The problem with excuses or ‘reasons why not’, is that they prevent us from taking the action that would be needed to achieve the results we want.
Think about some aspect of your business that you would like to have better results with. It could be having more customers or more leads or more profit for example.
First of all, what exactly is the result you want and when? Lack of specific goals is the first barrier – you have to have or invent a specific goal before you can find a solution for it. “More profit” sounds like a goal, but it isn’t, it’s just a vague wish. A goal would be a specific number by a specific date. Ideally such a goal would be one that you’d be happy with, not one you’d settle for.
Once you have the specific goal clear, think of the excuses you have for why it isn’t possible or why it isn’t happening and write them down. Write at least 10. You’ll probably find it hard to get past three or four, but keep going.
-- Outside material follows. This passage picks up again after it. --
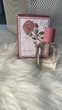 Туалетная вода ZARA Wonder Rose 30 ml - изображение 1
Now for each one, write down three or more reasons why it’s not actually true, and what you could do to counteract it. For example you might have as excuse that there’s an economic downturn and customers aren’t buying. So in response to that you could ask yourself why that’s not true and what you can do to counteract it? Actually are there some customers buying, but just not as many, or not from you?
What are they buying, and from whom? What could you do to get more of them buying and from you? The whole point is to challenge the excuses. There is always something you can do – usually lots of things – but you only really start to see them when you challenge the limiting beliefs and ask instead “what could we do?”.
If you still find you’re stuck, or if you’re so fixed in believing your own excuses, you need to enlist the help of an unreasonable person who won’t accept your excuses. We all know someone like that, any kind of Coach makes it their focus to ask challenging and unreasonable things of people.
As you go through the process, it’s OK to identify further excuses why something won’t work or isn’t possible – but then you have to work on those new ones too, “What could we do to counteract it?”.
Once you’ve made some progress and have some ideas of what you could do, write them down as a series of potential actions. You’ve then got the beginnings of a plan.
Then, go through each action and ask “if we do this, is it likely to achieve the result we want?”. You then either change it so that the answer becomes yes, or dump it and move on to the next. The aim is to have enough actions that you can step back and honestly say that taking all those actions is likely to achieve the specific goal.